Loc: Marina del Rey,CA
Excellent post Aimless. What separates TCW from other books, other than its comprehensive amount of info is that Fletcher approached backpacking gear as systems that need to work together.
I have a feeling from reading gear posts is that many people start out buying what looks neat rather than what works with what they already have or intend to buy or they buy gear at random because it is on sale. I've got some stuff that fits both those categories that I haven't taken anywhere for a long time.
TCW isn't necessarily aimed at experienced campers, but for a beginner, it is a gold mine of info. Fletcher's other books like The Man who Walked Through Time and The Thousand Mile Summer are classics that anyone interested in the outdoors should also read. I learned a lot from TCW and bought my first copy back in the 70's. I still have TCW 3d Ed.
He spends a lot of time on the design of current gear, so those specific details are quickly outdated. However, by reading through descriptions of 10 or 15 tents, you soon gain insight into the subtle little details that make all the difference. For example, you learn that there is a difference in the way you live in a tent whose door is in the long side, versus one with the door in the end; that the vestibule design can either ensure the inside of the tent stays dry when you enter in the rain, or ensure that you'll end up with a little stream of water dripping in. Same with stoves, packs, and other gear That helps when you go shopping - and are faced with a sea of tents, a wall of stoves, another wall of packs, etc.
What I tend to refresh on is the first 50 or so pages: the "feel-how" of backpacking. I've never read anything that captures the essence of why any better.
There's lots of information on technique, too: a sample day on the trail, a sample day in the rain, etc.
And of course, since he still talks about the Svea stove, there's the chance to reminisce.
And best of all, his writing is coherent and logical, filled with complete ideas - a very far cry from the info-bytes that get pasted onto the same page to pass for an "article" in Backpacker Magazine.
Loc: California (southern)
When I first encountered Colin Fletcher, I was a fairly experienced walker myself, so there was not a whole lot that was new.

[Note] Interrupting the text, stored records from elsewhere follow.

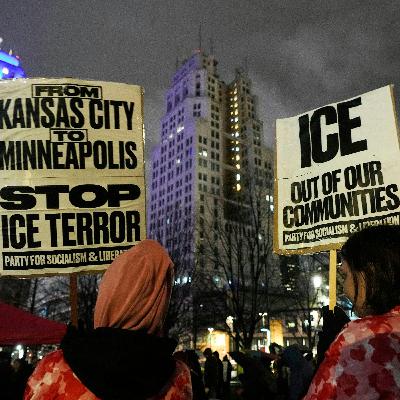 Say Her Name: Renee Nicole Macklin Goode and the ICE Shooting Say Her Name: Renee Nicole Macklin Goode and the ICE Shooting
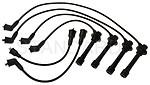 Standard motor products 27483 tailor resistor wires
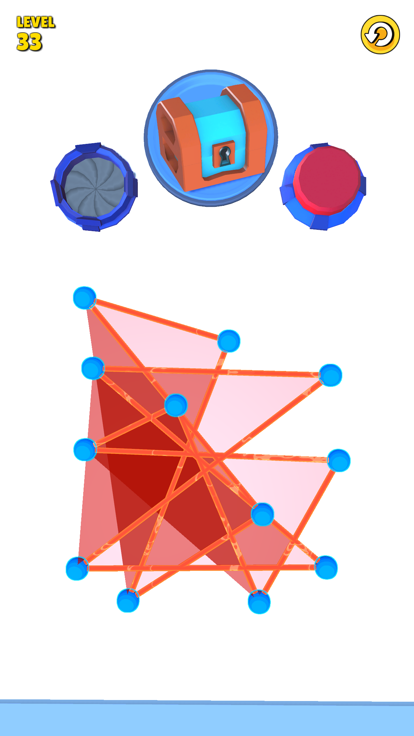 Unlock Them All游戏截图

Nontheless, he is well organized, and his information if accurate - there were a few tidbits that were nice to acquire. I rate his book right up there with Mountaineering;Freedom of the Hills. With those two volumes, you will not likely go wrong.
I "forgot" the best thing I learned from Fletcher, probably because it's become second nature: sleeping under the stars.

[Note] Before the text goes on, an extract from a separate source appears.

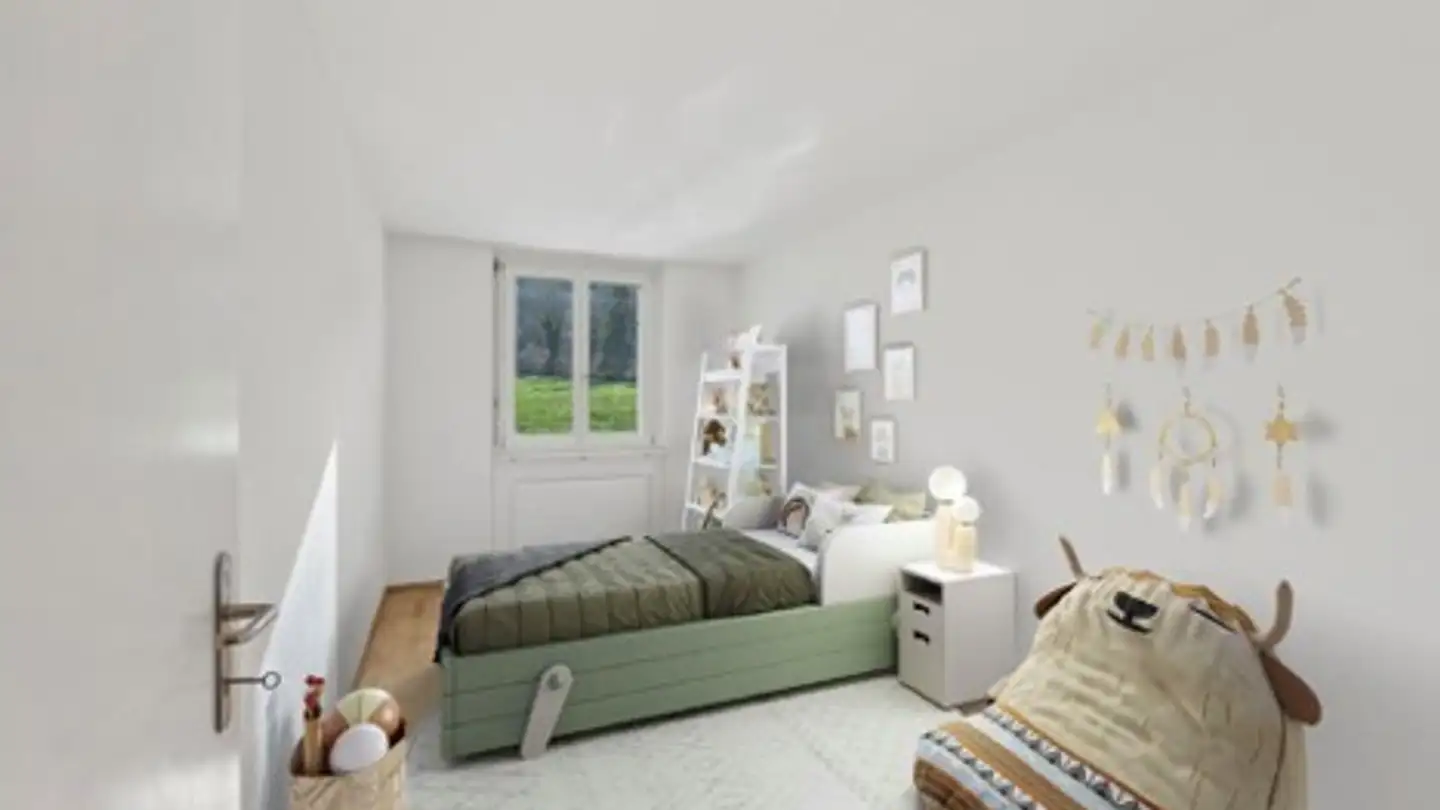 Single house for rent - Mülistrasse 32, 8426 Lufingen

When I read the original Complete Walker, I was totally taken with the simplicity and aesthetics of just tossing down a groundcloth, spreading out my sleeping bag, and going to sleep (not to mention eating in my sleeping bag.) Of course, doing that in the summer in the eastern US makes the mosquitoes very, very happy. I willingly offered up the smorgasbord, because the pleasure I got from sleeping roofless was worth it.
However, as my style developed and matured (along with my gear budget), my shelter choice was always driven by getting as close as possible to sleeping under the stars. That eventually led to bivy sacks (and not always light ones: my favorite was the 2-pound Integral Designs Salathe) and solo tents with mesh roofs, like the MSR Hubba/Carbon Reflex and Big Agnes Seedhouse/Fly Creek - and was a major factor in my not choosing the otherwise-superior Tarptent Rainbow.
My desire for sleeping under the stars often means that I'm the only one in the group who doesn't put the fly on his tent if there's no threat of rain - the first night. By the end of the trip, I've converted pretty much everyone.
One of the things he opened my eyes to was the "tyranny of photography." Because backpacking was, at first, a "big adventure," I felt obligated to take pictures. It was a chore, and eventurally a pain - this was before the era of digital photography, so there was a bulky (by today's standards) camera, and all that film to screw around with.
Then I read The Complete Walker. Suddenly, I realized I didn't have to take pictures, so I quit, mostly - and, just like Colin said, I started looking and remembering and understanding. I still took a camera to the big places (the first trip to Isle Royale and Mt. Rogers, for example), but not on "regular" trips. (I've backslid a little, seduced by the simplicity of digital point-and-shoot, but still only carry a camera less than half the time.)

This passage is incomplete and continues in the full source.